BEGIN Input records
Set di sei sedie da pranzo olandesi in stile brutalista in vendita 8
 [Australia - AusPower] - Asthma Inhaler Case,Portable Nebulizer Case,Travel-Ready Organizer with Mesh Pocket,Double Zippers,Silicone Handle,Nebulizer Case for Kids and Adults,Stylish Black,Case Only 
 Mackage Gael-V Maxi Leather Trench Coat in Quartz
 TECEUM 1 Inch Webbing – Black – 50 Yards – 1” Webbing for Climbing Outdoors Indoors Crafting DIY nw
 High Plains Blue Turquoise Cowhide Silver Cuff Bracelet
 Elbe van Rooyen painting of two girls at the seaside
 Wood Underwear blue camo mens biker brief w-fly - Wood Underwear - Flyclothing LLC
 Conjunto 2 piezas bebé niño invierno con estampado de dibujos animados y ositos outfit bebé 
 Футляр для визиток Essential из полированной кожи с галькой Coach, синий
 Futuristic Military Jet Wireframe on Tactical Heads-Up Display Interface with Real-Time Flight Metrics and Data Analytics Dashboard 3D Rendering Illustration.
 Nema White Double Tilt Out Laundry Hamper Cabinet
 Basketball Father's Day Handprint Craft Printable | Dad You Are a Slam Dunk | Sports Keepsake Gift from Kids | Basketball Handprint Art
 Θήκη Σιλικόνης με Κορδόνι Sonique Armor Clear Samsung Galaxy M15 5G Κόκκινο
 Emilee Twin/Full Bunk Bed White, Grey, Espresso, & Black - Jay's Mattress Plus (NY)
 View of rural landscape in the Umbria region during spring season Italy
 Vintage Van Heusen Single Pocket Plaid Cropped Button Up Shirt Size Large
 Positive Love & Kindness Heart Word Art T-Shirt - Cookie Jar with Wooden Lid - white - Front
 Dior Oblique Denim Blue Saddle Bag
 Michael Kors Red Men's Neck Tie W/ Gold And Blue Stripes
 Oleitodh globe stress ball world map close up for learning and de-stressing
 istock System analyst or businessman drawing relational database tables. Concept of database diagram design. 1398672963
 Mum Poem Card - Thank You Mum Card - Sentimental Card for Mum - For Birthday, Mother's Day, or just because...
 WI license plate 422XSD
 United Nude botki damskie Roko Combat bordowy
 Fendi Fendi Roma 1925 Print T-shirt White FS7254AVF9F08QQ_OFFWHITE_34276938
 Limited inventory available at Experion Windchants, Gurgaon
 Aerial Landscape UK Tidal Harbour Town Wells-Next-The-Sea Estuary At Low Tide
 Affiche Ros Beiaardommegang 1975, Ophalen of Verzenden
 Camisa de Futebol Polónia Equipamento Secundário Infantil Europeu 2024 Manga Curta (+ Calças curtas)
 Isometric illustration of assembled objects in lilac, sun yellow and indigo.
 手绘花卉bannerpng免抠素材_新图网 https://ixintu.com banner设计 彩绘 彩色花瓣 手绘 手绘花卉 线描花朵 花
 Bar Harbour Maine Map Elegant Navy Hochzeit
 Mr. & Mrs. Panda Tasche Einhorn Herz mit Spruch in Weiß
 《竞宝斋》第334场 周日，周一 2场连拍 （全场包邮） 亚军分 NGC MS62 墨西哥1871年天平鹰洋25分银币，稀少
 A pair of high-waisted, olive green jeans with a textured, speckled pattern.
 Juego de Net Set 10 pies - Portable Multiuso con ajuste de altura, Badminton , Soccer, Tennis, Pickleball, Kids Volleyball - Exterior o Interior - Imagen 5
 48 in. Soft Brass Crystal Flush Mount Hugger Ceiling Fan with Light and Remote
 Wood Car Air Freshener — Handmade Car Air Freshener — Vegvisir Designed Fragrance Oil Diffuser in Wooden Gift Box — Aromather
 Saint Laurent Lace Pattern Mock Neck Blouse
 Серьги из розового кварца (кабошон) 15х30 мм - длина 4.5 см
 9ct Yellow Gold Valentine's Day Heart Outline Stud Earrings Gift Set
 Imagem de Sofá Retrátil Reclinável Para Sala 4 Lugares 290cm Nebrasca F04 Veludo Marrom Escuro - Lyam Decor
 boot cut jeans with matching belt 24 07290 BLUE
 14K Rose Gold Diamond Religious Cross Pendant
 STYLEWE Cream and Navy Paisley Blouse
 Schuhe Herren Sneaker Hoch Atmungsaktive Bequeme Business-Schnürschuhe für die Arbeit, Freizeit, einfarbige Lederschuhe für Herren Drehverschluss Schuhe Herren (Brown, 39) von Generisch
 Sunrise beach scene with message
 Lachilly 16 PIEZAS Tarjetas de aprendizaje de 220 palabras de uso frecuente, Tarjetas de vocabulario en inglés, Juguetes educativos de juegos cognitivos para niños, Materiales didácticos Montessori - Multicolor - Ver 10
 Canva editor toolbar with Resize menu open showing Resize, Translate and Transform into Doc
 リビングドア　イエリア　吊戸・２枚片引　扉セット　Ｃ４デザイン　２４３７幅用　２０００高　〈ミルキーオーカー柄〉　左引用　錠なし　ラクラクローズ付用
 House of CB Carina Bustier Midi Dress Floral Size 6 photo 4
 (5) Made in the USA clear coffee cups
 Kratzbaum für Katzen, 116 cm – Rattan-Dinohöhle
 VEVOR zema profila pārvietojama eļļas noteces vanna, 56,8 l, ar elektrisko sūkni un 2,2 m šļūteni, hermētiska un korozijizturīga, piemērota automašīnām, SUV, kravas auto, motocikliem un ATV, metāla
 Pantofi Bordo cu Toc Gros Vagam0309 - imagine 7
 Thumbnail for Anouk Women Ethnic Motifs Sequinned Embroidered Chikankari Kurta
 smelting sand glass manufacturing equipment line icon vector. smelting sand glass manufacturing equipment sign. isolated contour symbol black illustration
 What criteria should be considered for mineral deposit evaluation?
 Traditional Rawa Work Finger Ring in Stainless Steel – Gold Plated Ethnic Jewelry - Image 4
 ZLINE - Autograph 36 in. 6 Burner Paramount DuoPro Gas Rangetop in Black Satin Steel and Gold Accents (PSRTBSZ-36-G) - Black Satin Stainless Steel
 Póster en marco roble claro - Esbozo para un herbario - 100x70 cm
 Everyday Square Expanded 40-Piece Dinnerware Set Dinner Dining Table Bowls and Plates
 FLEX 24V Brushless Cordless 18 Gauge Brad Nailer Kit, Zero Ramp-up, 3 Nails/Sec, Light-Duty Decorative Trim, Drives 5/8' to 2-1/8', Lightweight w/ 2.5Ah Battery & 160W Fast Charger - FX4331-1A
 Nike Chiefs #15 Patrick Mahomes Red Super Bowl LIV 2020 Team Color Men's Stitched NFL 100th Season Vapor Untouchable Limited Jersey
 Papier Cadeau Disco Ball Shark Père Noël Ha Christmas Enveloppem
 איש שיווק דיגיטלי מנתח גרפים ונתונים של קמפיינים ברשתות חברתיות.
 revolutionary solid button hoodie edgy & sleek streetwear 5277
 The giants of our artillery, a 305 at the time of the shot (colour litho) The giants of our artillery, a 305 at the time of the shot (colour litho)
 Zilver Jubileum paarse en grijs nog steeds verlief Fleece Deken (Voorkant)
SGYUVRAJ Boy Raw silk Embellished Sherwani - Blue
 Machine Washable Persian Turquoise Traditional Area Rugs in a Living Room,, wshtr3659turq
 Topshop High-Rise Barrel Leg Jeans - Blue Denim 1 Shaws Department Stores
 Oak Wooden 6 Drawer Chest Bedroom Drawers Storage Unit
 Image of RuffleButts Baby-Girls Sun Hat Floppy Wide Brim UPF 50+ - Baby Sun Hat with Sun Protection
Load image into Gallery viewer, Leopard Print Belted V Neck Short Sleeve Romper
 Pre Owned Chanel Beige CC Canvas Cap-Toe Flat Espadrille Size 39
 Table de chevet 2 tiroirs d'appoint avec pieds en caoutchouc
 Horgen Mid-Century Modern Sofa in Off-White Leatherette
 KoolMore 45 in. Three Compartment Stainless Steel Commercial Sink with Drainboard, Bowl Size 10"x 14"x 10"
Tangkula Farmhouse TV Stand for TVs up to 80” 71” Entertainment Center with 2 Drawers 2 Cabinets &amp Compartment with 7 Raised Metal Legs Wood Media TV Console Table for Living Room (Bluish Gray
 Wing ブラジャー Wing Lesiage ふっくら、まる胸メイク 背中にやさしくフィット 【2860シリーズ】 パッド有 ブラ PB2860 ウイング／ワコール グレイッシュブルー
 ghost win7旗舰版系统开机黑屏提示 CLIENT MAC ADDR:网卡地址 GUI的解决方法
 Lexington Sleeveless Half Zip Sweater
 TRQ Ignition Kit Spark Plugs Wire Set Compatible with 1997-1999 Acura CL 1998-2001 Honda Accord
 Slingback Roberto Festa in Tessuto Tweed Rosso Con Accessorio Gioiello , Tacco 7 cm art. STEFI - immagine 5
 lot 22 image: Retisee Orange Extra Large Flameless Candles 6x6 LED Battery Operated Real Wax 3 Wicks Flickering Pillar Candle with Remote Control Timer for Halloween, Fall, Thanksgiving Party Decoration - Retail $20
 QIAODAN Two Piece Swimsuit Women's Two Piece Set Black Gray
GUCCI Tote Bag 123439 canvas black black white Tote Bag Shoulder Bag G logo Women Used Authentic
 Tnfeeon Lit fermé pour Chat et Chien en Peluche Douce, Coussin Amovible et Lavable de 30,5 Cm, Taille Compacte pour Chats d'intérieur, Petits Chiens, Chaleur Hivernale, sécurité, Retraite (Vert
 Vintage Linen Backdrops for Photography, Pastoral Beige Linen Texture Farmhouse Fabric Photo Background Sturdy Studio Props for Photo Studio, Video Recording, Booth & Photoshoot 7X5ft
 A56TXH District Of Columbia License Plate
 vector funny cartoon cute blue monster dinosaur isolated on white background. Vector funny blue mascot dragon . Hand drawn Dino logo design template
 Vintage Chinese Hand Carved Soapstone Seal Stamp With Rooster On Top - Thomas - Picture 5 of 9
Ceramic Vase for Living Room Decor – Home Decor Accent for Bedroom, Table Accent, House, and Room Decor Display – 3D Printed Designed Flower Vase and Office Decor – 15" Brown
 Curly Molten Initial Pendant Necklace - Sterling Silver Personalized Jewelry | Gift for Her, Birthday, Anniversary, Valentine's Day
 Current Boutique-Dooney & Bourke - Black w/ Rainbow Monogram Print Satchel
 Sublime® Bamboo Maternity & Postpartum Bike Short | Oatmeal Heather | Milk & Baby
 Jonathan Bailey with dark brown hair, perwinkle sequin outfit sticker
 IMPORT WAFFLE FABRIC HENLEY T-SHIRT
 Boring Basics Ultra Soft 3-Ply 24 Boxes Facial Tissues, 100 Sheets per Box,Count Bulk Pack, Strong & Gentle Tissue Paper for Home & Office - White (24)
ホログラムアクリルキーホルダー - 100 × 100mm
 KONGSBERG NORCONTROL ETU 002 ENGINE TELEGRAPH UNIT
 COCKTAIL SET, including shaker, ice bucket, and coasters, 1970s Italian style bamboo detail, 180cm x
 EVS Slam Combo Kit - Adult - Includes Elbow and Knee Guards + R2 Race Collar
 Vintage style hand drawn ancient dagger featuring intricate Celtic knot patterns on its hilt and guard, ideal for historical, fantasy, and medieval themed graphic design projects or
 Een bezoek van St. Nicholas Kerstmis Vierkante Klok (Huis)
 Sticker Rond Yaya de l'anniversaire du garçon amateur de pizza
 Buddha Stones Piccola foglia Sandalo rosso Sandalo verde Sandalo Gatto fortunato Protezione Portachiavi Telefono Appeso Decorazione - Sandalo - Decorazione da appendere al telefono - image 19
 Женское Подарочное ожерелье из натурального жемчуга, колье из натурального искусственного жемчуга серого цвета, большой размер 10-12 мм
END Input records
What to do: Quote the records above exactly, from the first line through the line containing "Futuristic Military Jet", and nothing more.

Solution for this task:
Set di sei sedie da pranzo olandesi in stile brutalista in vendita 8
 [Australia - AusPower] - Asthma Inhaler Case,Portable Nebulizer Case,Travel-Ready Organizer with Mesh Pocket,Double Zippers,Silicone Handle,Nebulizer Case for Kids and Adults,Stylish Black,Case Only 
 Mackage Gael-V Maxi Leather Trench Coat in Quartz
 TECEUM 1 Inch Webbing – Black – 50 Yards – 1” Webbing for Climbing Outdoors Indoors Crafting DIY nw
 High Plains Blue Turquoise Cowhide Silver Cuff Bracelet
 Elbe van Rooyen painting of two girls at the seaside
 Wood Underwear blue camo mens biker brief w-fly - Wood Underwear - Flyclothing LLC
 Conjunto 2 piezas bebé niño invierno con estampado de dibujos animados y ositos outfit bebé 
 Футляр для визиток Essential из полированной кожи с галькой Coach, синий
 Futuristic Military Jet Wireframe on Tactical Heads-Up Display Interface with Real-Time Flight Metrics and Data Analytics Dashboard 3D Rendering Illustration.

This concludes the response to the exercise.